People who smoke tobacco with a hookah believe it to be safer than smoking cigarettes. The smoke is indeed mild, but it is high in nicotine. Smoke from a single session of hookah (commonly thirty to sixty minutes) exceeds the nicotine content of a cigarette. Hookah smokers believe that the water in the pipe filters the nicotine. However, the water in this type of pipe filters less than 5 percent of the nicotine from the smoke, leaving enough nicotine to make hookah smoking addictive.
Tobacco from a hookah is burned at a lower temperature than a cigarette, encouraging the smoker to inhale deeply and, thereby, pull more smoke into the lungs. The smoke contains twenty times more tar than the smoke of a cigarette, and the hookah produces as much smoke as more than one hundred cigarettes.
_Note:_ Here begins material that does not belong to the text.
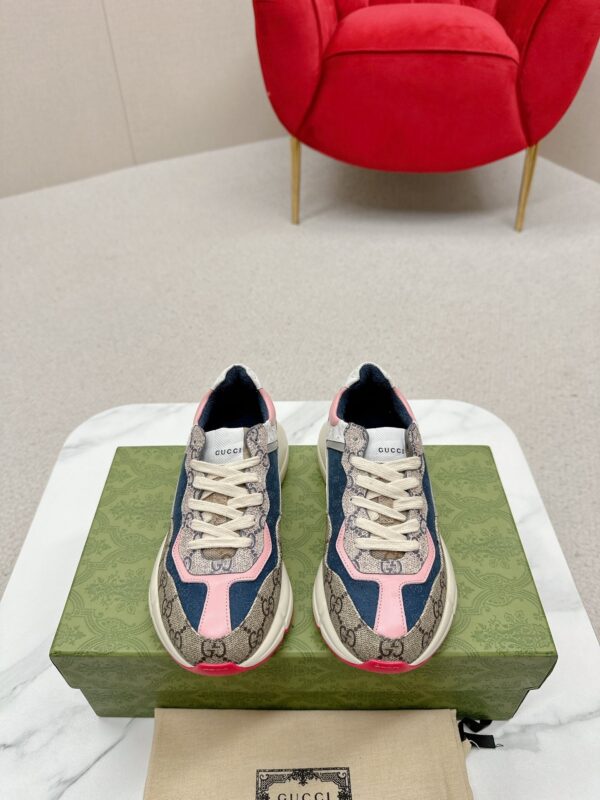 sy_no_1B750D1614F5D1BFA1D08B2D1737F512_0 Gucci Rhyton GG Canvas Sneaker in Denim Blue & Pink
The nicotine absorption is equivalent to smoking ten cigarettes per day.
Furthermore, the charcoal used to heat the tobacco in the hookah pipe produces toxic fumes. Hookah smokers are exposed to twice the level of carbon monoxide as cigarette smokers. Being exposed to secondhand smoke from a hookah may be just as dangerous as from a cigarette.
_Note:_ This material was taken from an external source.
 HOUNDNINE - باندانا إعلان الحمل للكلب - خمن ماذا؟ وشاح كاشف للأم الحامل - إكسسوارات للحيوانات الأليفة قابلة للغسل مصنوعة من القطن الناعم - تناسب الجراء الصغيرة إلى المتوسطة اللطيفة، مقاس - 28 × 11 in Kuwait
Smoking hookah may lead to health problems that include heart disease, lung cancer, respiratory diseases, and decreased fertility. Pregnant women are more likely to have babies with low birth weights. Viruses such as herpes simplex and Epstein-Barr are potentially spread by sharing hookah pipe mouthpieces.
In the US, hookah smoking is popular with college students, who consider the method safer and more acceptable than smoking cigarettes. The students perceive hookahs as novel, exotic, sensual, relaxing, and intimate. It is a social event promoting conversation among friends. Smoking hookah is also increasingly popular among teenagers.
Hookah Bars
Hookah bars, also known as hookah lounges, increased in popularity in the West, including the US, in the early twenty-first century. Most visible in large cities, the rise of such establishments has been linked to increases in Middle Eastern ethnic populations and a receptive market among young adults. CNN estimated that about three hundred hookah bars existed in the US in 2007, while by 2014, several major urban areas alone had hundreds in operation, and they were increasingly common even in smaller cities.
This growth came even as overall US smoking rates declined sharply, and the particular popularity of hookah smoking among young people led many experts to speculate that the trend could contribute to a spike in nicotine addiction and eventual cigarette use in certain demographics. This trend was also enhanced by the growing popularity of vaping among youths. However, hookah use began to decline in the late 2010s. In 2021, the US Centers for Disease Control and Prevention (CDC) reported that 7.8 percent of high school students in 2018 used hookahs to smoke tobacco in the previous year, while 12.3 percent of adults aged nineteen to thirty used one of the pipes to smoke tobacco. Hookah use among high school seniors had risen to 22.9 percent in 2014. This decline continued into the 2020s as, in 2023, only 4.1 percent of high school students reported using a hookah, according to the American Lung Association.
Analysts noted that the spread of hookah bars coincided with the rise of anti-smoking legislation in urban areas, which water pipes were often able to skirt thanks to loopholes or lack of specific regulation. However, as the popularity of hookahs became more widely covered in the media, some communities eliminated such loopholes or took other measures to restrict hookah bars. For example, in 2017, the New York City Council voted to ban any new hookah bars from opening and prevent existing establishments from moving or expanding within the city. This ban remained in effect in the mid-2020s.